Hier soir, se tenaient en amphi B les sélections pour le prix Mirabeau. Ce sont douze candidates et candidats pré-sélectionnés en amont qui se sont affrontés pendant plus de deux heures avec l’objectif  de représenter Lille lors du célèbre concours d’éloquence inter-IEP. Et ce sont finalement Clémentine Schmitt, Martin Dumont (tout deux discoureurs) et Matthieu Slisse (débatteur) qui l’ont emporté et qui défendront donc les 22 et 23 janvier prochains à Saint-Germain-en-Laye le titre remporté l’année passée à Toulouse. La Manufacture vous propose en exclusivité de lire les discours des deux sélectionnés en catégorie discours pour faire leur connaissance par le verbe. 

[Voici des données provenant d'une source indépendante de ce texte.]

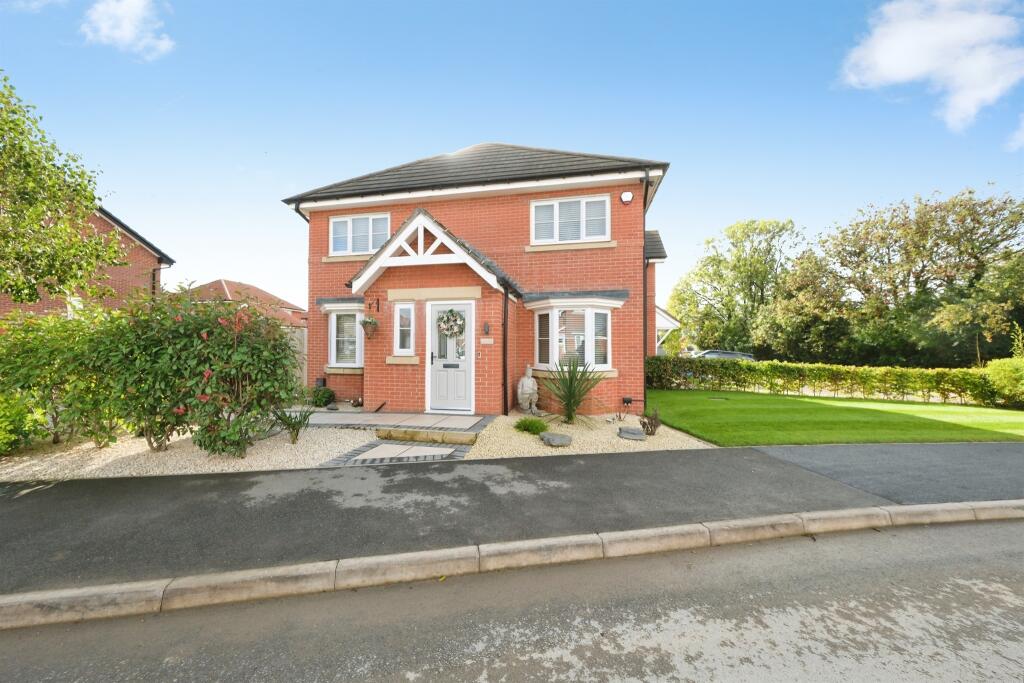 3-bed semi-detached on Nether View, Bolsover, Chesterfield, £280,000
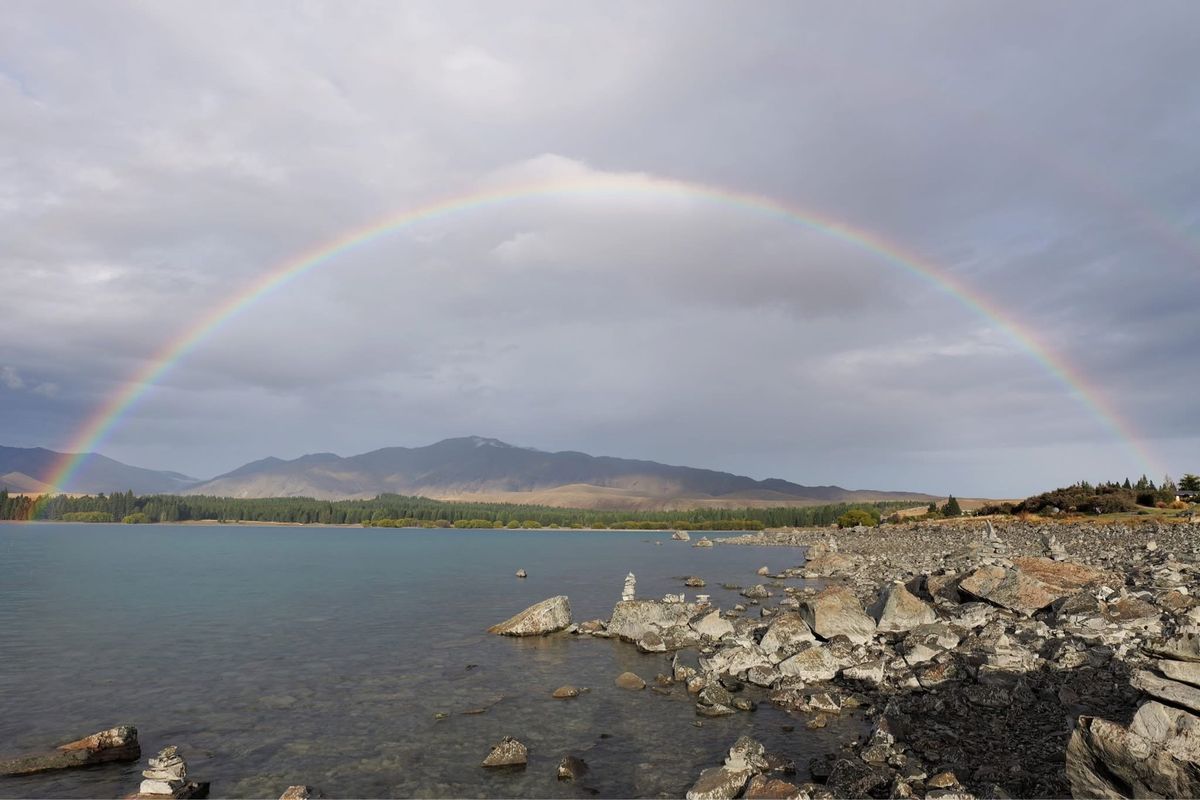 テカポ湖の虹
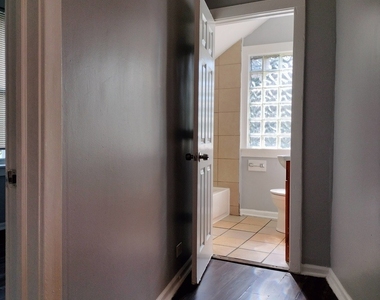 11218 S Parnell Avenue - Photo Thumbnail 39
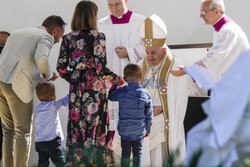 Papież z wizytą w  L'Aquili we włoskiej Abruzji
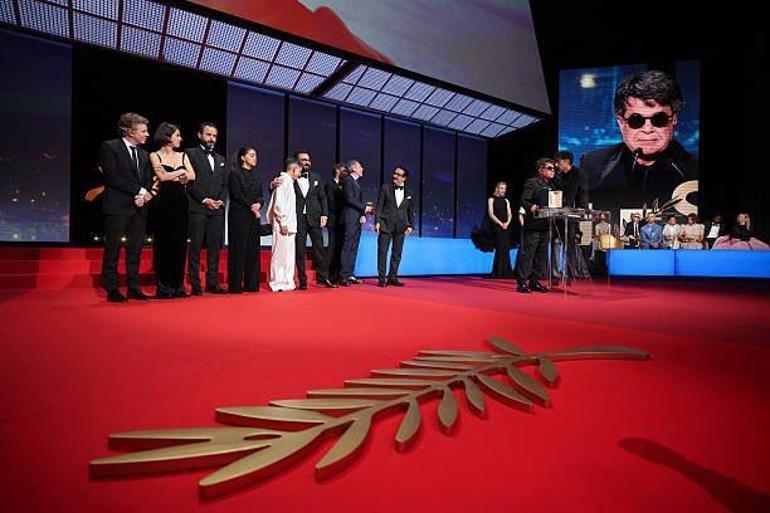 Altın Palmiye Ödülünün sahibi İranlı yönetmen Jafar Panahi oldu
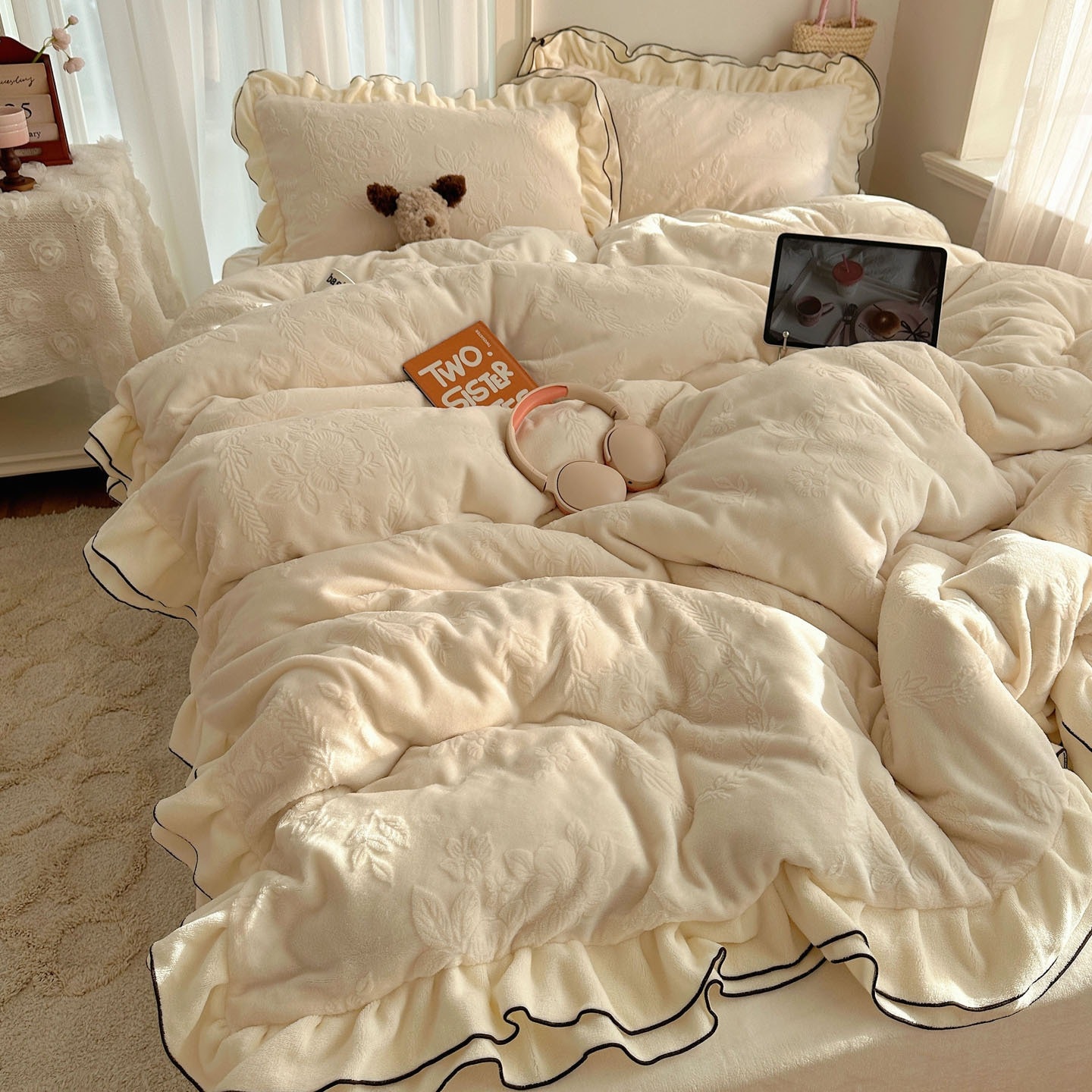乳白色の滑らかなA級彫刻ミルクフリース寝具4点セット韓国風レーストリム厚みのあるフリースコーラルフリースシーツと羽毛布団カバーセット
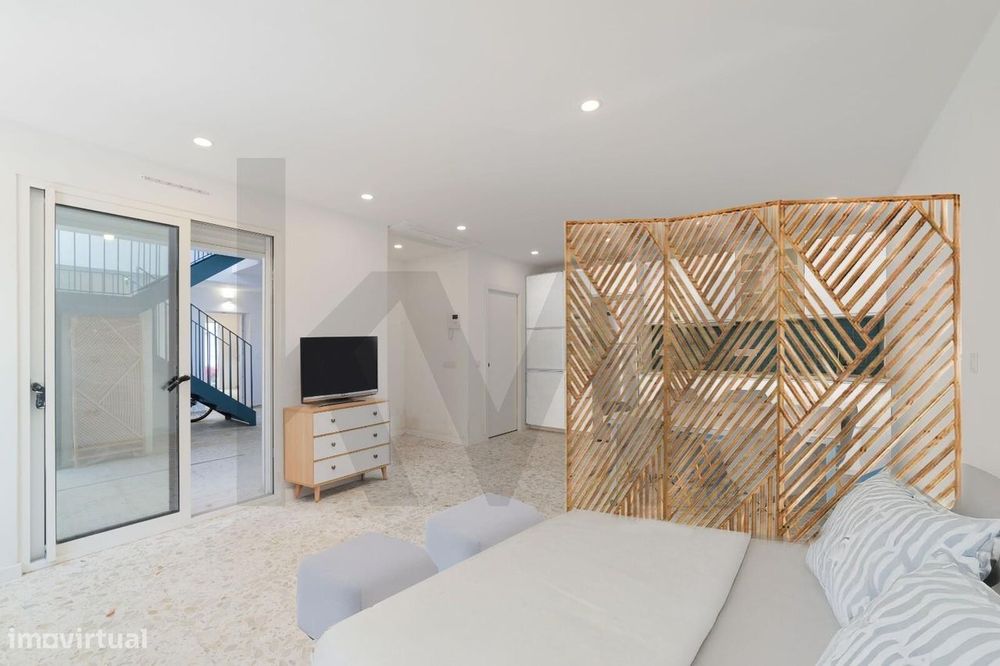 Apartamento T0 novo para venda em VRSA-Edifício "EXE" Glamour, moderno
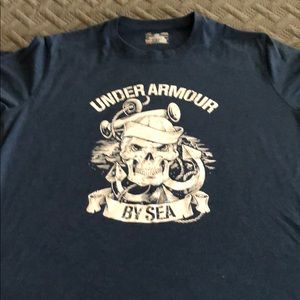 Under Armour T-shirt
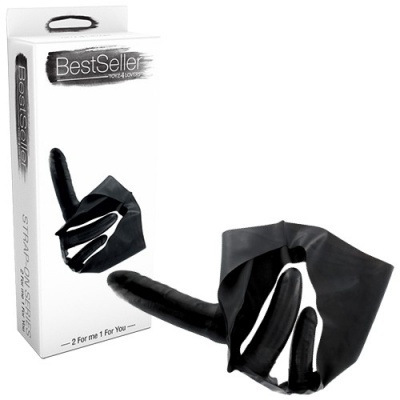 Luvas pretas de látex e embalagem branca com texto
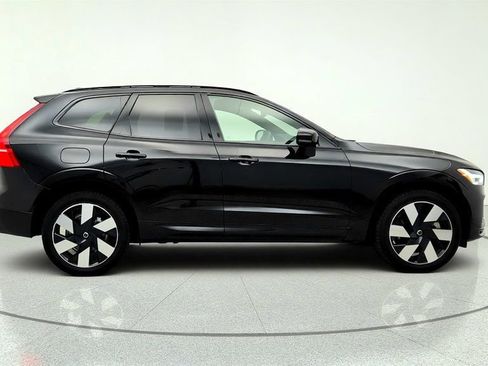 Used 2025 Volvo XC60 T8 Plus w/ Protection Package Premier AWD/4WD image 4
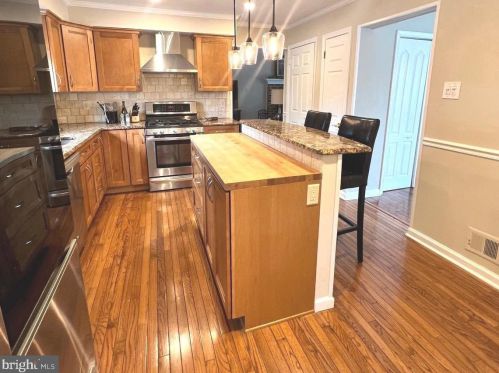 337 Hanby Cir, Boothwyn PA  19061-2319 exterior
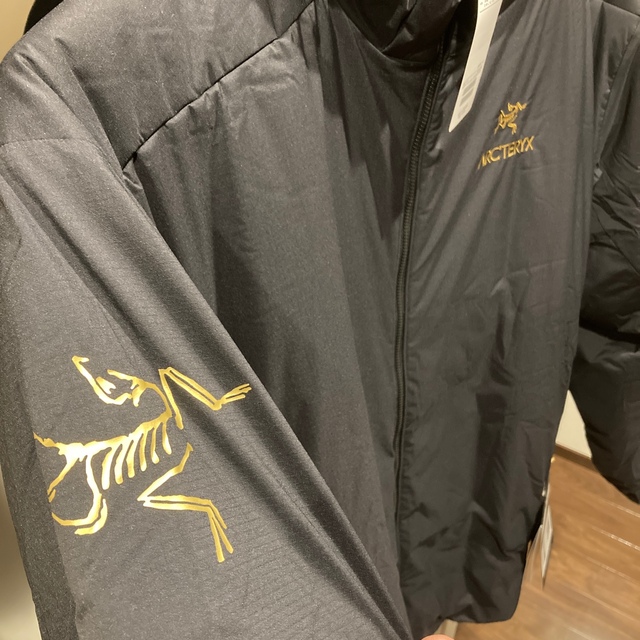 ARC'TERYX(アークテリクス)のpanda様専用　ARC’TERYX × BEAMS / 別注 Atom AR  メンズのジャケット/アウター(ダウンジャケット)の商品写真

C’est sur le sujet du second tour « Peut-on aimer à n’en savoir que dire ? » que Clémentine Schmitt, et Martin Dumont – défendant tout deux la positive- sont parvenus à se démarquer et à séduire le jury du soir composé de Pierre Mathiot, Cécile Chalmin, David Delfolie ainsi que de Martine Filleul (sénatrice PS).

Discours de Clémentine Schmitt

« Un regard, un geste, mais pas un mot. L’amour est chose due et non pas à acquérir. L’amour ne s’avoue pas, il se vit, il se ressent, il se partage mais il ne se parle pas. Une seule personne ici présente serait capable de me regarder et de me dire qu’il sait parler l’amour, je n’y croirais mot.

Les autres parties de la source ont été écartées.